Mit einem Kopfschütteln wehrte Luke die Worte ab. Er wollte nicht zulassen, dass Gabriel so trübsinnige Gedanken quälten und er hatte sich dagegen auch etwas überlegt, das er jetzt endlich tun wollte. Während der Engel wieder aus dem Fenster schaute, machte sich der Blonde bereit und legte ihm beide Arme von hinten um die Mitte und sein Kinn auf die Schulter.

„Du weißt, ich liebe dich", flüsterte Luke seinem Liebsten ins Ohr. Der reagierte, indem er sich dieser Umarmung hingab und den Kopf für einen liebevollen Kuss zu seinem Freund wandte.

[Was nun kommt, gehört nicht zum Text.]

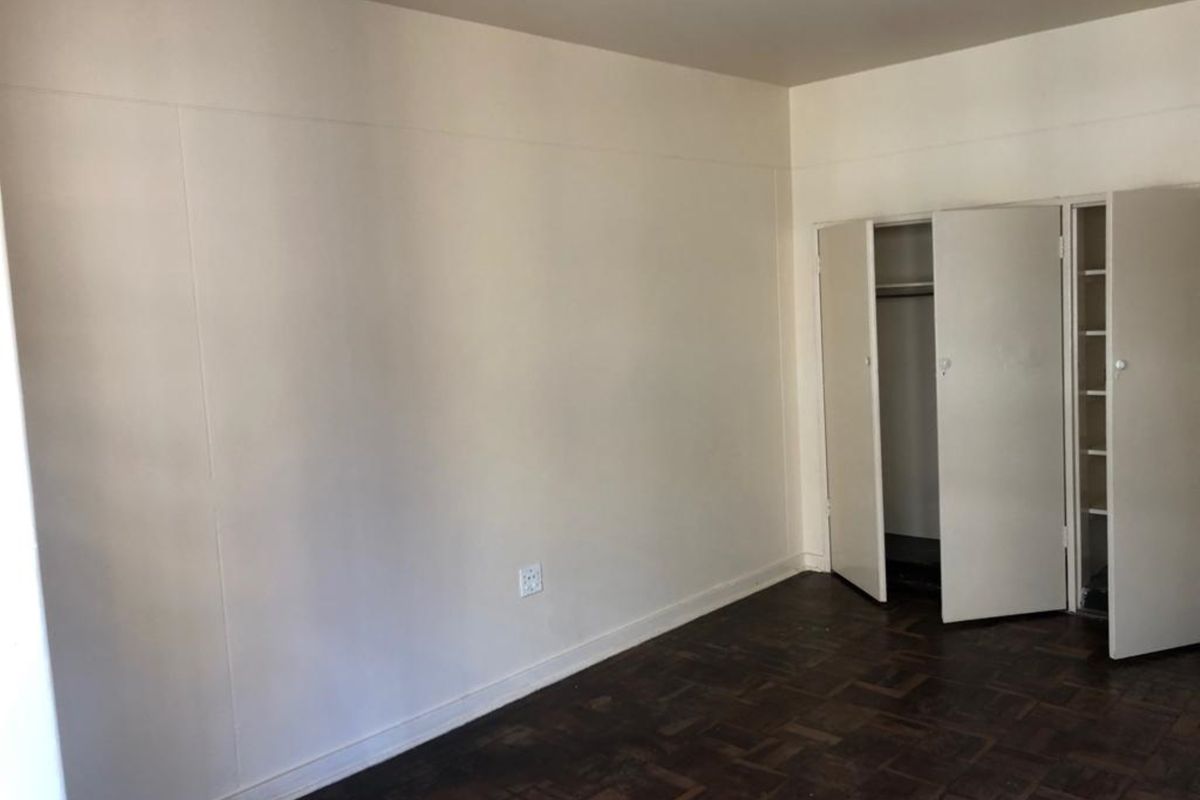 A vacant bedroom featuring original parquet flooring and a built-in wardrobe with double doors.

„Ich weiß", hauchte er noch, als sich ihre Lippen fanden. Natürlich blieb es dabei nicht allein. Der Kuss wurde leidenschaftlicher, wie vorauszusehen war und Luke lauerte regelrecht auf den Moment wo ...

„Mmmh", brummte Gabriel überrascht und setzte den Kuss ab.

Der Blonde strahlte über das ganze Gesicht, weil es ihm gelungen war, dem Engel mit dem Kuss etwas zu überreichen, was der jetzt mit der Hand aus dem Mund nahm und irritiert ansah.

„Das ist einer von Oscars Silberringen?", staunte er. Das war an einem noch halbwegs dezenten Totenschädel klar zu erkennen.

Luke schüttelte den Kopf. „Nein, jetzt nicht mehr. Ich hab ihm den für ein symbolisches Pfund abgekauft und jetzt soll es ein Verlobungsring sein." Er lauerte auf die Reaktion.

„Ein ... was?" Gabriels Miene erhellte sich jetzt, als er begriff. „Du ..."

„Ja, ich." Mit diesen Worten drehte Luke den Engel herum und nahm den Ring von ihm in eine Hand, mit der anderen hielt er die von Gabriel. „Ich liebe dich und ich will mit dir zusammen sein. Immer. Lass uns heiraten, sag ja. Wir haben die schlechten Tage hinter uns, jetzt können nur noch gute kommen, also was ist?"

Gabriel hatte nichts mehr so recht mitbekommen nach „sag ja". Er nickte immer wieder, schenkte dem Blonden sein schönstes Lächeln und besann sich endlich auf den Text. „Ja, ja, ja!"